Race for SF Mayor Highly Contested

By Carol Wickenkamp, Epoch Times

This June’s highly contested special election to fill the San Francisco mayor’s position has left residents wondering, after 15 years of political and policy stability, what the rapid changes at the mayor’s office and the coming special election have in store for the city.

The death of Mayor Ed Lee last December has led to somewhat of a revolving door at the mayor’s office. London Breed, president of the San Francisco Board of Supervisor, stepped into the temporary mayoral position, as per the city charter in December.

But on January 23, the Board of Supervisors, anxious about Breed’s using the temporary position as a campaign advantage in the upcoming special election for mayor, ousted Breed and appointed Mark Farrell to serve until the special election in June.
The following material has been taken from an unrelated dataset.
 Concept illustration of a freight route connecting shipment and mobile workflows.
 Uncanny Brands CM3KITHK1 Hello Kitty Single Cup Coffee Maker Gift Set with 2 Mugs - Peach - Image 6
The special election will choose a mayor to fill the remainder of the late Lee’s term, until 2020. Progressive supervisors Jane Kim and Aaron Peskin were particularly concerned about moderate Breed’s incumbent advantage in the coming election. However, many residents saw Breed’s demotion as a racial move, as Breed is black and has been very active in issues dealing with blacks, and her replacement is white.

With eight candidates qualifying, four have moved into the leading positions: former acting mayor London Breed, former Supervisor Angela Alioto, Supervisor Jane Kim, and former state Senator Mark Leno. All four are Democrats. A win by moderate Breed would likely mean top priorities of affordable housing and business, while progressive Kim or Leno would likely focus on social and gender issues.

With the city experiencing rapid changes and some serious issues, residents are concerned about what the new mayor’s priorities will be. Political consultant Jim Ross explained that despite the rapid changes in the administration since Lee’s death and the coming changes as a result of the election, the temporary new administration will only be in office for a couple of years. He believes this is not long enough to bring about permanent damages to the city, putting to rest some worries residents might have.

Former San Francisco Police Commission President Suzie Loftus said that she and others want a new leader who can effectively tackle the problems the city faces, such as homelessness, public safety, and affordable housing. On a positive note, she pointed out that this is a good time to think about the city and its future. “I think that most people are taking a moment to reflect on what do we want.” she said.